У него до сих пор не было своей девушки. Он считал, что так сложилась жизнь.
Высокий, смуглолицый, с черными без зрачков разбойничьими глазами, он привлекал внимание женщин. От мимолетных встреч с ними оставался нечистый осадок и брезгливое ощущение от откровенной и жадной их доступности.
Ася поразила его с того самого момента, как он вошел к ней на веранду и увидел ее. Как и все влюбленные, он не мог дать себе отчета, что именно потрясло его в ней. Возможно, ее беззащитность.
Ее вежливый и безразличный тон и несколько раз повторенное «пожалуйста» больно уязвили его. И когда Ася попросила отнести — «пожалуйста» — книги в палату, он ответил грубее, чем хотел.
Он страшно обрадовался, когда Анна Георгиевна попросила его провести радио на веранду. Провода не было, и он снял его у себя дома.
Обычно с девушками он держался самоуверенно. С Асей он испытывал непонятное смущение и злился на себя за это смущение.
Ему казалось, что она его презирает, и решил больше к ней не ходить. Какого дьявола он будет навязываться! И не выдержал.

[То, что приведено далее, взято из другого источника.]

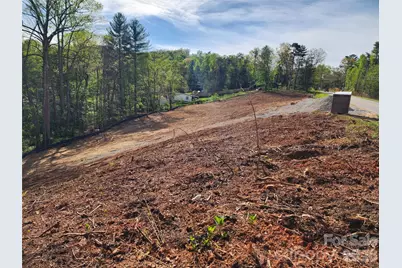 99999 Riverside Drive, Asheville, NC 28804 - Photo 7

Старался не думать, что у нее был муж, с которым она почему-то разошлась. Возможно, поссорились и помирятся — так же бывает. К сожалению.

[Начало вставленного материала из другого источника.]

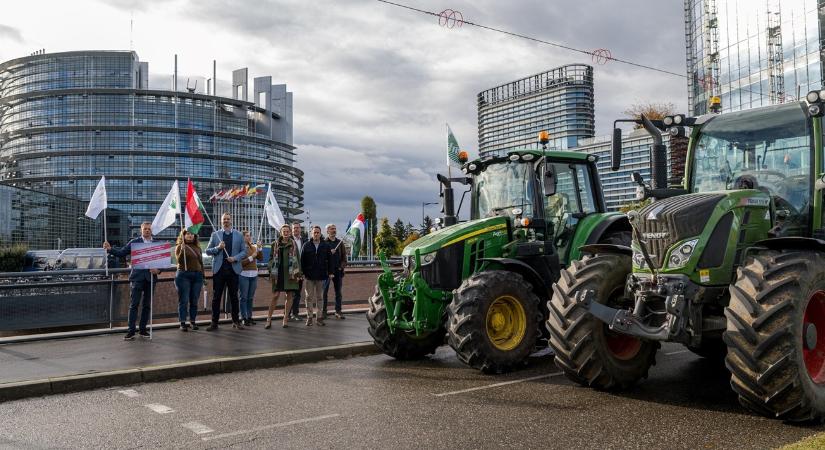 Készül a brüsszeli gazdatüntetés – Forrásmegvonás fenyegeti az uniós agráriumot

Так думал Костя, лежа на пляже.
Никогда он еще не переживал такого отчаяния, как в те минуты, когда мчался от пляжа до санатория.
Увидев на двери белый лист с надписью: «Не входить», он решил: все кончено, и осторожно открыл дверь.

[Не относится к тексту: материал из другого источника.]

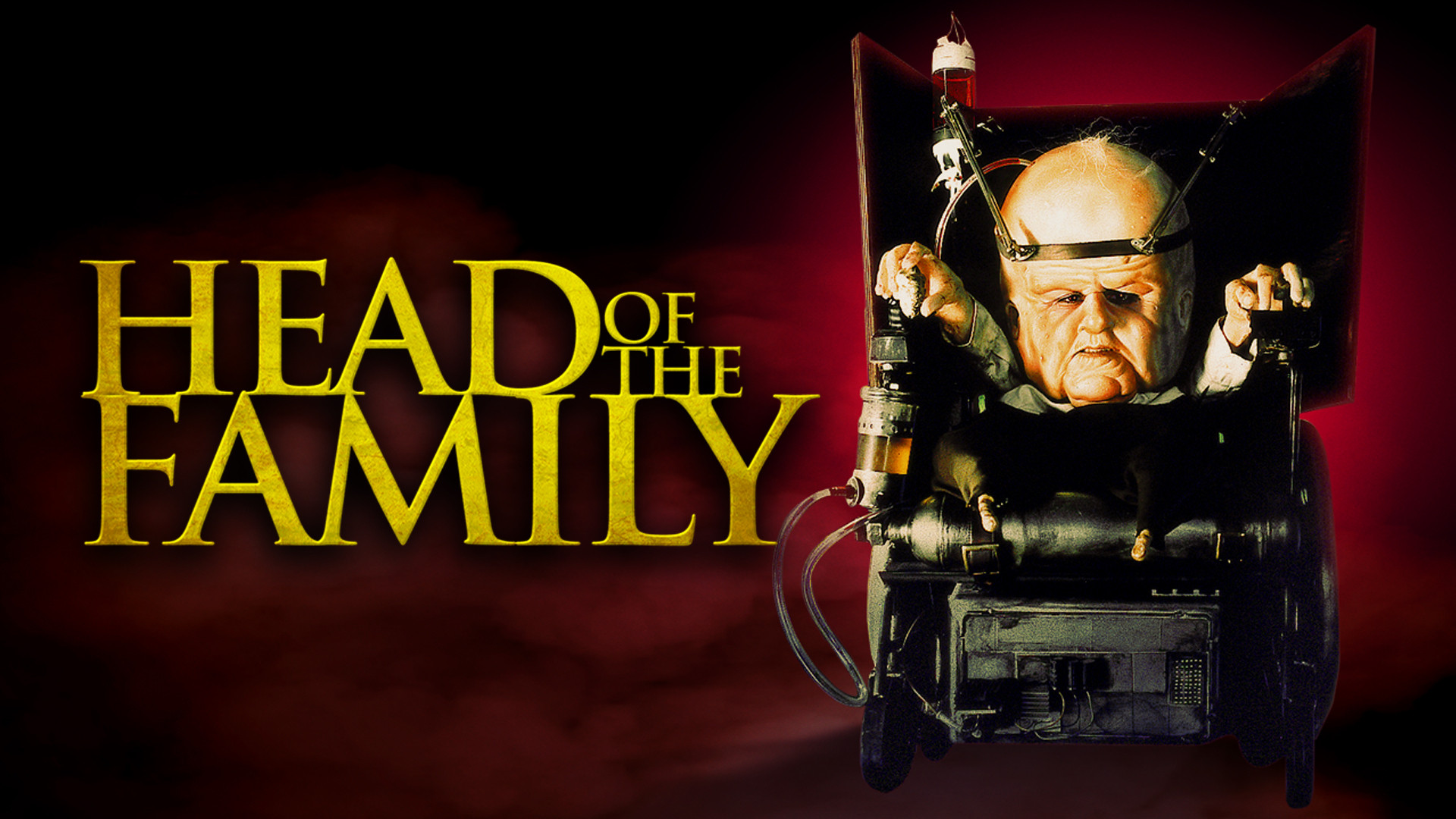 Head of the Family scene photo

Он не видел ее изменившегося и подурневшего лица. Видел одни глаза. Жалость и нежность захлестнули его.
Но он ничем не мог ей помочь.
Костя помчался к Григорию Наумовичу.
Старик сидел в кресле, с высокой спинкой, и, как обычно, читал. От всей его комнаты, заставленной книжными полками и громоздкой обшарпанной мебелью, веяло стариной. Новое здесь — только книги. Костя всегда смотрел на них с завистью.
— Скажите мне только истинную правду: она будет жить? — спросил он без всяких предисловий.
Вагнер не удивился.
— Костя, Анна Георгиевна не позволит ей умереть. Она сделает все возможное.
— А невозможное?! Только правду!
— Разве я тебя когда-нибудь обманывал?
— Нет. Анна Георгиевна сможет сделать… это самое невозможное?